Comme cette nouvelle donne était loin des obsessions galopantes de Mike Jeffries. Non seulement, la nouvelle modestie prônée par Karl Lagerfeld ne passa jamais par la marque américaine, mais on peut même dire au contraire que ce que les américains appelle la politique du 'judgmental' s'envola vers les cimes, à grands coups de déclarations inquiétantes: on se souvient avec stupeur des jugements péremptoires de Mike Jeffries, septuagénaire au visage pétrifié par la chirurgie esthétique, qui à défaut de posséder lui même les agréments énoncés, exposait avec une minutie quasi clinique, le profil non pas idéal mais précis de sa clientèle: "Dans chaque école, il y a les enfants cool et populaires, et puis il y a les enfants pas tellement cool. En toute honnêteté, nous nous adressons aux enfants cool" ou encore ". "Beaucoup de gens ne correspondent pas à nos vêtements, et ne le peuvent pas. Est-ce que nous faisons de l'exclusion ? Absolument".

Est-ce que ce discours est si éloigné que ça des pratiques habituelles de la mode? Oui, car, si de nombreuses marques pratiquent de facto la discrimination par la taille et l'age, aucune n'a érigé en pilier suprême de sa communication l'humiliation. Celles qui ont essayé ont d'ailleurs toutes échoué.

Le résultat est connu. Les actionnaires pardonnèrent au sulfureux PDG les condamnations à payer 40 millions de dollars pour avoir relégué le personnel hispanique et asiatique à l'arrière du magasin, mais ils ne lui pardonnèrent pas les pertes. L'enseigne vit sa marge passer de 7,8 pour cent en 2008 à 5,3 pour cent en 2012 avant le décrochage final qui justifia le départ forcé de Mike Jeffries début décembre 2014.

"Il n'y aura plus de marketing sexué"

Les résultats se sont-ils améliorés depuis? Pas vraiment. L'image réactionnaire d'A&F a, semble-t-il, définitivement écarté d'elle une nouvelle génération d'ados qui ne se reconnaissent pas dans ce discours clivant et agressif. Les pertes s'accélèrent. Les derniers résultats du groupe, rendus publics vendredi soir, à New York, font état d’une chute de 12 pour cent du chiffre d’affaires au troisième trimestre. La France est pour beaucoup dans cette chute puisqu'à Paris, le chiffre d'affaires de l'unique boutique de la marque est passé de 54 millions d'euros l'année de l’ouverture, à 44 millions l’an dernier. En 2014, le bénéfice net a été de 44 millions de dollars contre 66 millions l'année précédente.

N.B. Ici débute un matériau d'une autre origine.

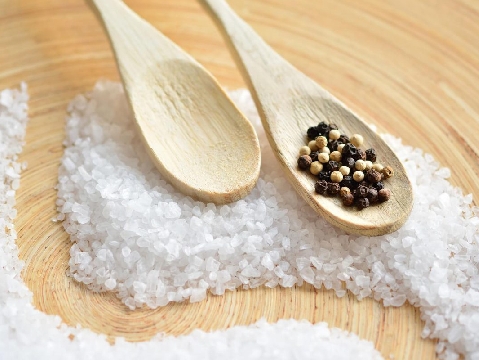 Lý do muối và hạt tiêu thường xuất hiện trên bàn ăn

L'enseigne a donc définitivement décidé de clôturer l'ère Jeffries et de renoncer à toutes les extravagances de son marketing. "Nous ne tolérerons plus la discrimination fondée sur l'apparence physique ni sur la beauté", vient d'annoncer Christos Angelides, le nouveau président de la marque avant d'ajouter que désormais, les vendeurs ne sont plus des "mannequins" mais des "représentants de la marque".

"D'ici la fin du mois de juillet, il n'y aura plus de marketing sexualisé utilisé dans les dispositifs incluant les photos dans les boutiques, les cartes cadeaux et les sacs servant aux achats", assure le service de presse. Plus besoin d'être mannequin pour travailler chez A&F donc. Les employés pourront par exemple arborer des signes religieux discrets et les handicapés seront dorénavant admis dans les rangs de l'entreprise.

La marque a déjà brûlé toutes ses cartouches, elle sait qu'elle doit retrouver le chemin des ventes car les réductions de dépenses ont déjà été faites : depuis près de trois ans, une stratégie de réduction de ses coûts a été longuement mené, avec succès, de la fabrication à la distribution, en passant par le marketing, pour pouvoir baisser les prix sans rogner les marges. Mais les ventes continuent de baisser. Ce changement de cap à 180 degrés suffira-t-il à faire revenir les adolescents vers des basiques chers et de qualité moyenne alors que toutes les études attestent qu'ils consacrent désormais, et de plus en plus, une grande partie de leur budget dans les produits high tech et se contentent de porter des vêtements plus simples mais moins onéreux?